I asked her name and we all made introductions. Then I excused myself to go work out in the weight room.
When I finished up there, the boys were coming out. They were done. They were leaving. I was going to do half an hour on the bike, but I said, "You boys have inspired me. I'm going to leave, too. What are you going to do?"
"I don't know," said T.
"You want to go to lunch?"
It was decided. I hadn't eaten anything. This was a good idea.
We met at the restaurant. It was a place T and I go to often. The Shock Jock ran to the bathroom. The waitress came. We always get country girls, it seems, and they like us, T with his heavy hillbilly accent, me with my hillbilly ways. We kid, they laugh. We always order the same thing. When the Shock Jock came back, the waitress asked him what he would like. He had no idea. "Have they ordered. I haven't. . . uh. . . ." He was flustered. "I'll have the Reuben."

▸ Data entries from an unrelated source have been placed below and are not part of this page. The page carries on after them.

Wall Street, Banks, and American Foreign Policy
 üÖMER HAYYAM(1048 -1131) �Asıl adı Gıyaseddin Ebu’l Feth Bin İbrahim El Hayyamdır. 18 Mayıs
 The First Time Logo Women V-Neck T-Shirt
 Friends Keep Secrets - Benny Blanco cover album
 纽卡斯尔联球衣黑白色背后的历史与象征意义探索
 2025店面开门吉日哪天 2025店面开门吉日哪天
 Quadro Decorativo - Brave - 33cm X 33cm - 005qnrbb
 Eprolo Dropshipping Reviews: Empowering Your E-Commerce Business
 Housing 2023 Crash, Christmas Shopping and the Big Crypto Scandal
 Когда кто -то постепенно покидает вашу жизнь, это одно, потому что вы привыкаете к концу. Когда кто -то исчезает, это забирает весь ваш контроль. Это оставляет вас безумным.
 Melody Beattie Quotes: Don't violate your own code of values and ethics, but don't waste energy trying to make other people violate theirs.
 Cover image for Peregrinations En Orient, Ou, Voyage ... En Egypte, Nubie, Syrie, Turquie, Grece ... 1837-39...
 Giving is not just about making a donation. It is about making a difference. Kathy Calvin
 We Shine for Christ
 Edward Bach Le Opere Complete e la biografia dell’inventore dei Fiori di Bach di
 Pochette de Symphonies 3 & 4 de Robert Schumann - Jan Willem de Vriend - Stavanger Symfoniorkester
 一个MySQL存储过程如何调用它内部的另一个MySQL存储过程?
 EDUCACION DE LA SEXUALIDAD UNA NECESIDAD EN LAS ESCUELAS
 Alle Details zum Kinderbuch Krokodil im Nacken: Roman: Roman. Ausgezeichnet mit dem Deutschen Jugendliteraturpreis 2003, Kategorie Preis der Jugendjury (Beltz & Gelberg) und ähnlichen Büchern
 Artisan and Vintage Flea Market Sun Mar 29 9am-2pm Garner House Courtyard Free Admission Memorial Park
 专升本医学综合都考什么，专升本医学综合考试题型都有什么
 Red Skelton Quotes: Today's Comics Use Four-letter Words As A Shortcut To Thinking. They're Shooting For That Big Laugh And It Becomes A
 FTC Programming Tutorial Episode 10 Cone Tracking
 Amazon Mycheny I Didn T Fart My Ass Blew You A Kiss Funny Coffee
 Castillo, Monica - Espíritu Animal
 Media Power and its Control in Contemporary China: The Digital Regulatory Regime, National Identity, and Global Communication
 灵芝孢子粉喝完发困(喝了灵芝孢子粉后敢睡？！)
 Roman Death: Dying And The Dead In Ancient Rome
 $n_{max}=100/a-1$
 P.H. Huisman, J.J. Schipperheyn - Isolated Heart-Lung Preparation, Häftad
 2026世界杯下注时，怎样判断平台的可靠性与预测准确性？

"And bring him a glass of water," T said nodding to me. "He doesn't drink enough water. That's why his lips are always chapped."
The waitress got the dig and belly laughed. "Old cock-breath here should know all about that," I wanted to say, but I had to wait until the waitress was gone.
When we were leaving the restaurant, I looked at my phone. I had a message from the cleaning crew. They were at my house. Had been for about forty minutes. O.K. I'd run some errands. Got gas. Went to the grocers and got a ton of vegetables for grilling. Tofu. Emergenc-C. Wine. Beer. I looked at the time. I'd drive to my house. If they were still there, I'd run some more errands.
They had finished and were gone. I walked into a house that sparkled. How do they do it?
That night, I did three loads of laundry. It had been a day. Things seemed to have come together. I had The Wisdom.
But there is much more to do. Much. I need to channel my inner Doolard and get to work. But I don't really have an inner Doolard. What I have is a charming, lazy Bohemian. I was verified as "charming" by a woman at the Y earlier. "Charming and intelligent," she said to Tennessee. She didn't say anything about my good looks. Oh well. There's a little more of The Wisdom. I had to remind myself that I just don't care.
I just got a text from Red. It is four in the morning there. She is still celebrating her birthday. She wants me to come out to L.A. Her girlfriend, the one she brought to my house a few months ago, is staying with her for awhile. She needs me to come out and celebrate with them. Should I let her know that terrifies me? I don't party like they do. I'm good for an hour, maybe two, but they are maniacs. Still, I have a place to stay in L.A. if I want. I guess it's because I'm charming.
The sun is up. Another few days of intermittent rain ahead. It is alright. The world turns green and begins to grow. I must make choices and decide upon my day. And I will. Right after I make some heavy whole grain avocado toast.